Ondanks kritiek houdt minister Dekker voor Rechtsbescherming grotendeels vast aan zijn voorstel voor een nieuwe faillissementswet. Dat bleek 11 mei jl. in een zogenoemd wetgevingsoverleg waar Kamerleden wijzigingen kunnen voorstellen.

De Wet homologatie onderhands akkoord (WHOA) is bedoeld om faillissementen zoveel mogelijk te voorkomen door het voor schuldeisers aantrekkelijk te maken akkoord te gaan met reorganisatie van een bedrijf dat in zwaar weer is. Nu is het zo dat elke individuele schuldeiser herstructurering kan tegenhouden. In de nieuwe wet is dat minder makkelijk.

Taart

"Als er nog iets van een toekomst zit in een bedrijf, dan is herstructureren beter voor alle partijen", zei Dekker. "De te verdelen taart is klein bij een faillissement. Dus een faillissement voorkomen, is waarde creëren."

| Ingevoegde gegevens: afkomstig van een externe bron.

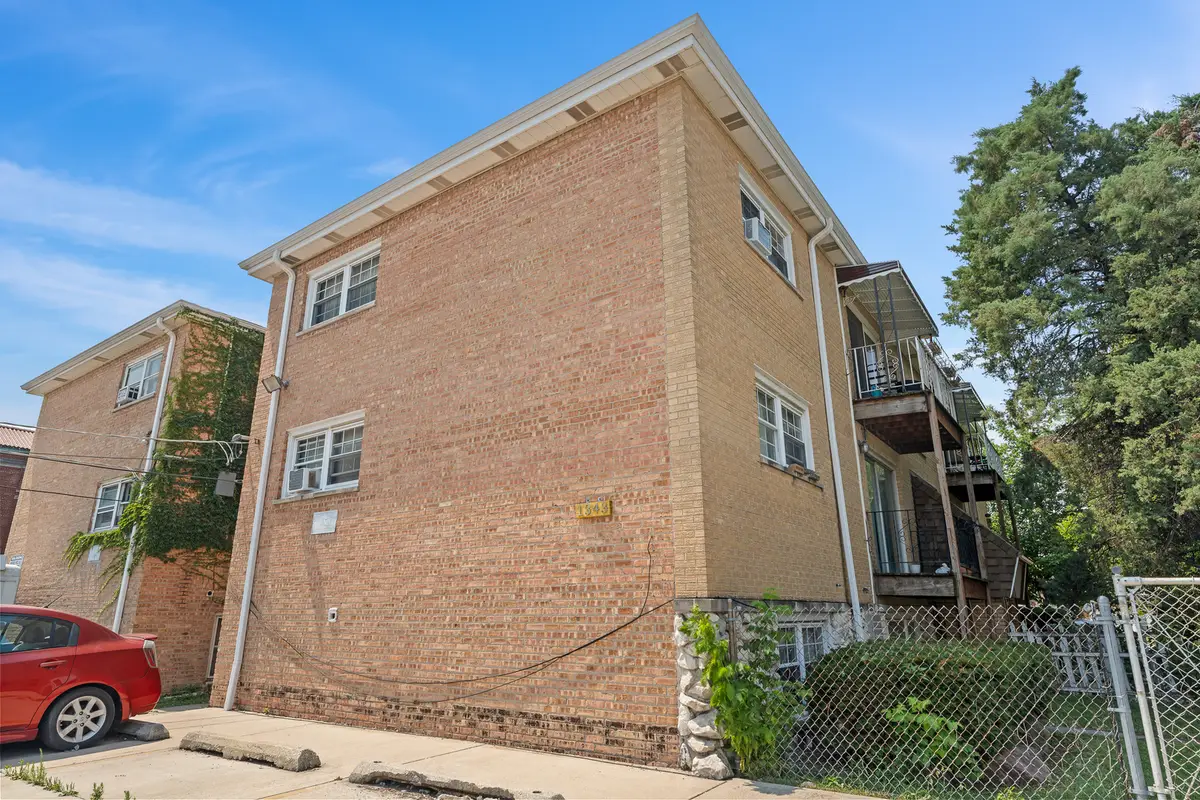 1343 S Austin Boulevard #2W, Cicero, IL 60804 - Image #1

Herstructureren betekent in veel gevallen dat schuldeisers moeten inleveren. Critici vrezen dat kleine schuldeisers zoals leveranciers het met de WHOA afleggen tegen grotere schuldeisers zoals banken.

Dat is nu ook het geval bij een faillissement, stelt PvdA-Kamerlid Nijboer. "Kijk naar de V&D, grote aandeelhouders werden wel terugbetaald, maar leveranciers van de borden die nog in de schappen lagen niet."

Onthameren

Zeven jaar geleden werd begonnen met de WHOA en het idee was dat de wet nu als hamerstuk door de Kamer zou worden goedgekeurd. Maar ChristenUnie-Kamerlid Van der Graaf "onthamerde" de wet. Ze vindt, samen met de PvdA en SP, dat er meer waarborgen in moeten zodat kleinere schuldeisers, vaak mkb'ers, "niet achter het net vissen". Zo zouden alle schuldeisers in principe zeker 20 procent van hun schuld moeten kunnen innen als er een akkoord wordt gesloten om een faillissement te voorkomen.

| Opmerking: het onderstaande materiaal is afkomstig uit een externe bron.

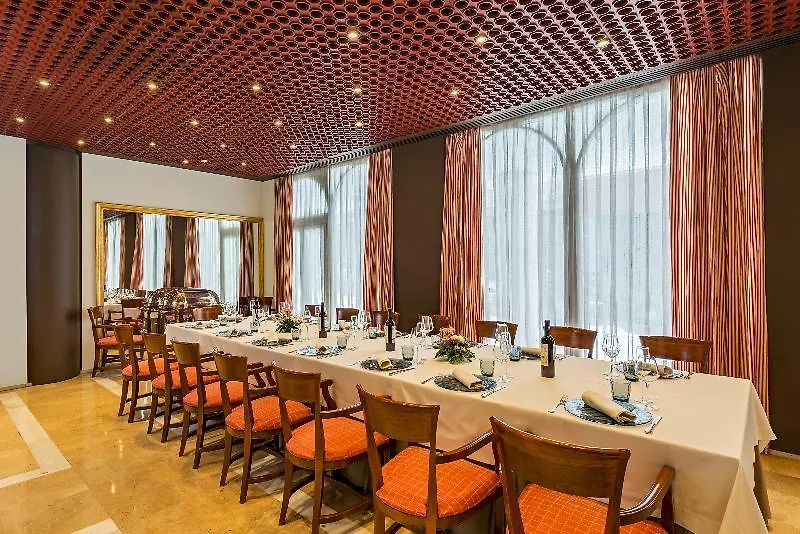 Hotel Granada Center 4*,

Ook vinden de drie partijen dat schuldeisers bij een reorganisatie niet het recht moeten hebben contant geld te eisen. Ze zouden bijvoorbeeld genoegen moeten nemen met een aandeel. Het idee is dat banken anders, omdat ze vooraan staan, wel hun geld krijgen en kleinere schuldeisers niet.

Drempels

Een aantal partijen vroeg zich af of de voorgestelde waarborgen hun doel niet voorbij zouden schieten. "Ik heb een goed gevoel bij het uitgangspunt van de amendementen, het beschermen van de zwakkeren", zei Van Gent van de VVD. "Maar je moet wel weten of ze doen wat wordt beoogd."

"Met de amendementen ga je drempels installeren waarmee het gevaar bestaat dat er toch weer eerder voor faillissement wordt gekozen", voegde zijn CDA-collega Van Dam toe. VVD en CDA stelden voor om drie jaar na het ingaan van de wet te evalueren "met extra aandacht voor het mkb".

Averechtse effecten

Minister Dekker (VVD) zei ook te vrezen voor averechtse effecten: "Sympathiek, maar het leidt tot meer faillissementen". Hij vreest voor de afschrikwekkende werking. "Dat er een situatie gaat ontstaan dat partijen zeggen: dan maar failliet, want dan haal ik er meer uit."

Één voorstel van Van der Graaf nam hij wel over. Het voordeel van schuldeisers met een onderpand ten opzichte van die zonder onderpand zoals leveranciers, wordt wat kleiner gemaakt. Donderdag stemt de Tweede Kamer over de wet en de voorgestelde wijzigingen.